Matching CUDA arch and CUDA gencode for various NVIDIA architectures

Updated November 14th 2023

tl;dr

I’ve seen some confusion regarding NVIDIA’s nvcc sm flags and what they’re used for:
When compiling with NVCC, the arch flag (‘-arch‘) specifies the name of the NVIDIA GPU architecture that the CUDA files will be compiled for.
Gencodes (‘-gencode‘) allows for more PTX generations and can be repeated many times for different architectures.

Here’s a list of NVIDIA architecture names, and which compute capabilities they have:

Fermi, KeplerMaxwellPascalVoltaTuringAmpereAdaHopperBlackwell
sm_20sm_30sm_50sm_60sm_70sm_75sm_80sm_89sm_90???
sm_35sm_52sm_61sm_72
(Xavier)
sm_86sm_90a (Thor)
sm_37sm_53sm_62sm_87 (Orin)

Fermi and Kepler are deprecated from CUDA 9 and 11 onwards
Maxwell is deprecated from CUDA 11.6 onwards

When should different ‘gencodes’ or ‘cuda arch’ be used?

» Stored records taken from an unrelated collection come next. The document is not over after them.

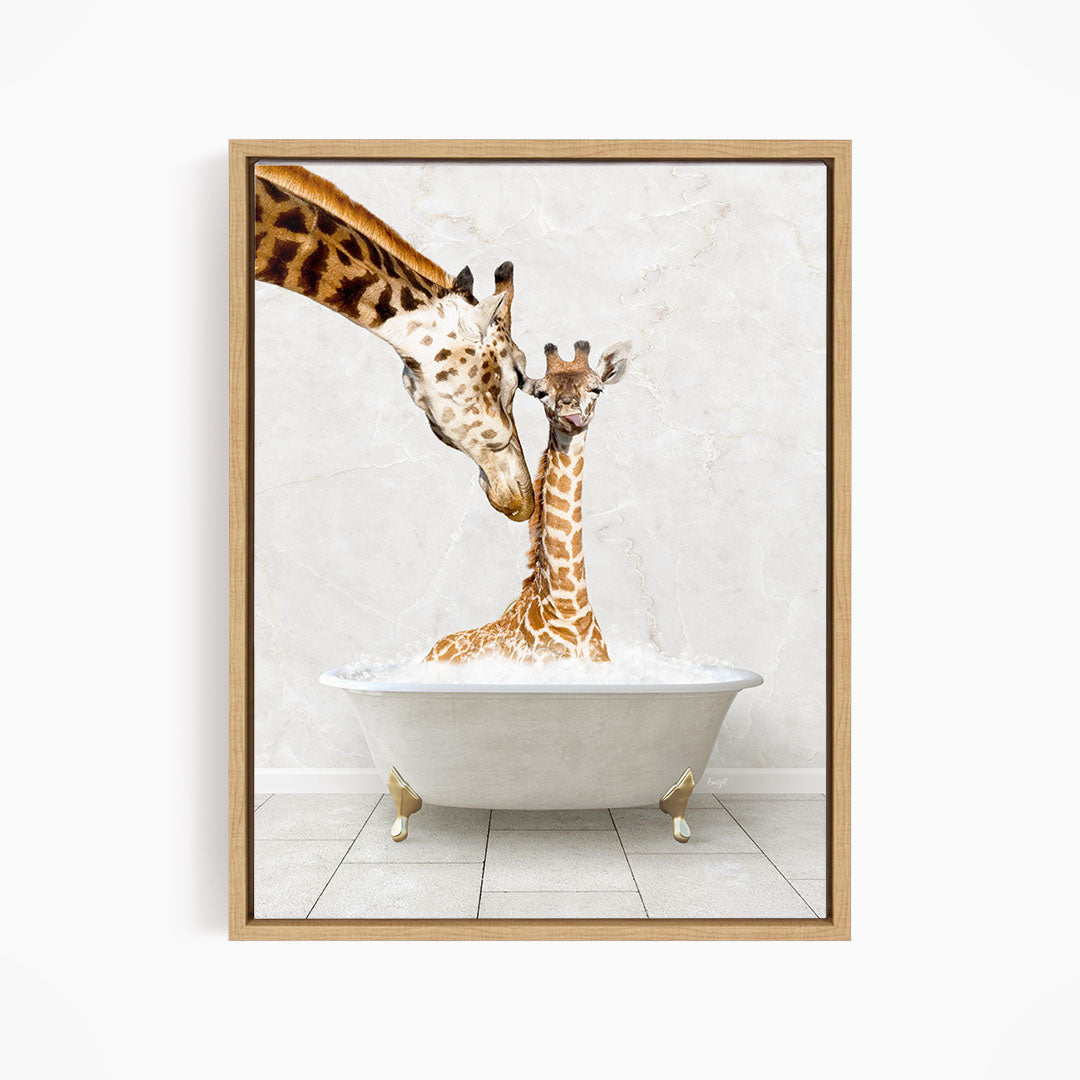 A mother giraffe and her baby giraffe are sitting together in a white bathtub, with the mother gently licking her baby.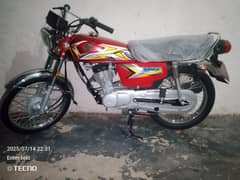 Honda 125 in the red color  with 10 by 10 condition  2024/2025 model
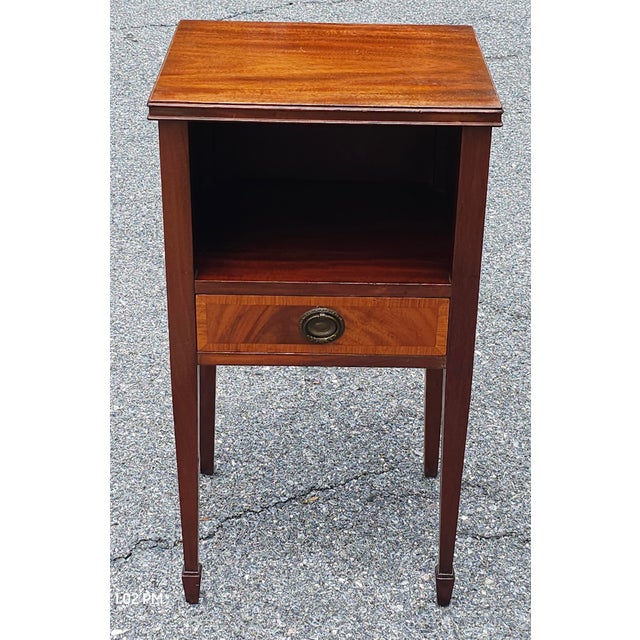 A Georgian Style Mahogany two-Tier Single Drawer Bed Side Table. Measures 15" in width, 13" in depth and stands 27.5" in...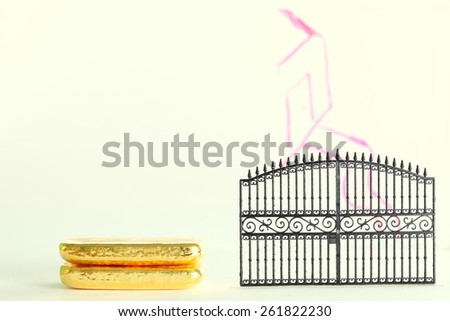 Gold bar beside the plastic gate model in the scene appear the hand drawing house shape on clear acrylic surface represent the mortgage concept idea.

When you compile CUDA code, you should always compile only one ‘-arch‘ flag that matches your most used GPU cards. This will enable faster runtime, because code generation will occur during compilation.
If you only mention ‘-gencode‘, but omit the ‘-arch‘ flag, the GPU code generation will occur on the JIT compiler by the CUDA driver.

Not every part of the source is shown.